# 55 Gallon Planted and 46 Bowfront African Cichlids



## monkE (Aug 4, 2010)

I just wanted to share a couple pictures of my two tanks.

The African tank is still in progress so there are only a couple fish in so far.

This one has been up and running for a couple years now. 









Here is my first shot at an African Cichlid tank, I just did the rockscaping today and am going to slowly increase the population









Thanks for looking!


----------



## bingerz (Mar 3, 2011)

looking good!!! did you say you found a rock place in burnaby? is that the one that's right off marine drive?


----------



## clintgv (May 6, 2010)

Looks good. Make sure the rocks are really stable. Don't want them falling and stuff :O


----------



## monkE (Aug 4, 2010)

Ya that rock place in on Byrne Rd. just north of Marine.... Landscape Supply something

I think the rock is quite stable, i guess as the fish grow they sort of arrange things the way they like it? It's all pretty heavy.


----------



## bingerz (Mar 3, 2011)

bingerz said:


> looking good!!! did you say you found a rock place in burnaby? is that the one that's right off marine drive?
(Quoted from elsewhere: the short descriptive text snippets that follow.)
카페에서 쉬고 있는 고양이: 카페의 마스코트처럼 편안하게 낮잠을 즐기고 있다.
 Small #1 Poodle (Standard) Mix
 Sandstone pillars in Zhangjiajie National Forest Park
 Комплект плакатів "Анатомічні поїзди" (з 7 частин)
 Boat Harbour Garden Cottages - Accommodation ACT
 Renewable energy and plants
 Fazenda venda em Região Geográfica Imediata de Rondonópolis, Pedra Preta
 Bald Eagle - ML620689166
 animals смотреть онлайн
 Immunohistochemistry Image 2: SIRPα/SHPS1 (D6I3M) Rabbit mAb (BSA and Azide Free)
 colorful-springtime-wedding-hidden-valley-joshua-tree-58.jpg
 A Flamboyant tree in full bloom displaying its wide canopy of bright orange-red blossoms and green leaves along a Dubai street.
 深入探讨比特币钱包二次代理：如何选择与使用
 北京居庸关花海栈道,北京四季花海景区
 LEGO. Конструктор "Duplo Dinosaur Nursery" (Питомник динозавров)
just read your other posts. i wanna swing by there one time just to check out what they have.


----------



## monkE (Aug 4, 2010)

all of the large rock they gave me for free saying it was "samples" when i went in to weigh it.... it was posted in the bins for $0.24/lbs 

the small polished rock i got a 10lbs bag of it at the Garden Centre on Nelson (just west of the rock place) for $10


----------



## 2wheelsx2 (Apr 21, 2010)

bingerz said:


> just read your other posts. i wanna swing by there one time just to check out what they have.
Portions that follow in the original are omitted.